Bunuel wrote:

LM wrote:

What is the last two digits of \({11^{23}}*{3^{46}}\)?

A. 01

B. 09

C. 29

D. 49

E. 99

\(11^{23}*3^{46}=11^{23}*9^{23}=99^{23}\) --> the last two digits of 99 in odd power is 99 (for example 99^1=99) and the last two digits of 99 in positive even power is 01 (for example 99^2=9801). Hence the last two digits of \(99^{23}\) will be 99.

Answer: E.

P.S. You won't need this for the GMAT.

Here is another way that I give credit to Bunuel. What is the last two digits of \({11^{23}}*{3^{46}}\)? is the same question as what is the remainder of \({11^{23}}*{3^{46}}\) when divided by 100. Because its remainder is the same as the last two digit.

Ex. 152/10=15.2 (where the remained is 2=(.2)*10 )

269/100=2.69 (where the remained is 69=(.69)*100)

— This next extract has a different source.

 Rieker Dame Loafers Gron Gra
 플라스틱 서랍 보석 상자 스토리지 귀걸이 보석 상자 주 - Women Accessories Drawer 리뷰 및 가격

Now here is Bunuel's really cool trick:

\(11^{23}*3^{46}=11^{23}*9^{23}=99^{23}\)

Now to find the remainder of \(99^{23}\) to any number (in this case its a 100) we break up the number into one part that is a multiple of the number and the other a remainder.

So \(99^{23}=(100-1)^{23}\).

We take out remainder -1 and we find its remainder to the number (in this case its a 100)

-1=100(0)-1 (now because we can't have a negative remainder we add 100 to the remainder on the right handside to be remainder of r=99)

(-1)^2=1=100(0)+1 (remainder doesn't need adjustment, r=1)

(-1)^3=100(0)-1 (r=99)

(-1)^4=1=100(0)+1 (r=1)

We can see the periodicity here, r=99 for odd powers and r=1 for even powers.

Since our exponent here is even, the remainder is r=99.

I'll do another example so others can get the concept I laid above.

So lets say we want to find the remainder of 52^21 when divided by 7.

So Bunuel's hat trick is to break the number (52)^21=(2*7+3)^21

Now 3 is the left over portion. So the question becomes what is the remainder 3^21 when divided by 7. To find this we have to find the periodicities.

3=7(0)+3 (r=3)

3^2=9=7(1)+2 (r=2)

3^3=27=7(3)+6 (r=6)

3^4=81=7(11)+4 (r=4)

3^5=243=7(34)+5 (r=5)

3^6=729=7(104)+1 (r=1)

3^7=2187=7(3012)+3 (r=3)

We can stop once we see the remainders begin repeating after the sixth iteration. Since our power is ^21 that puts us on 21=6(3)+3 on the third power, so the remainder will r=6. Pretty neat, huh? Bunuel's hat trick, Ha! We shall it call it so from now on. I picked numbers that had very long periods( here is 6 ). Question is their a shortcut to figure out how many periods without, actually plugging and chugging until the remainders repeat?

For example: whats the remainder of (32)^11 when divided by 7?

Bunuels hat trick (32)^11=(28+4)^21

4=7(0)+4

4^2=7(2)+2

4^3=7(9)+1

4^4=7(36)+4

Here we have a period of 3. Anyone know? Thank you.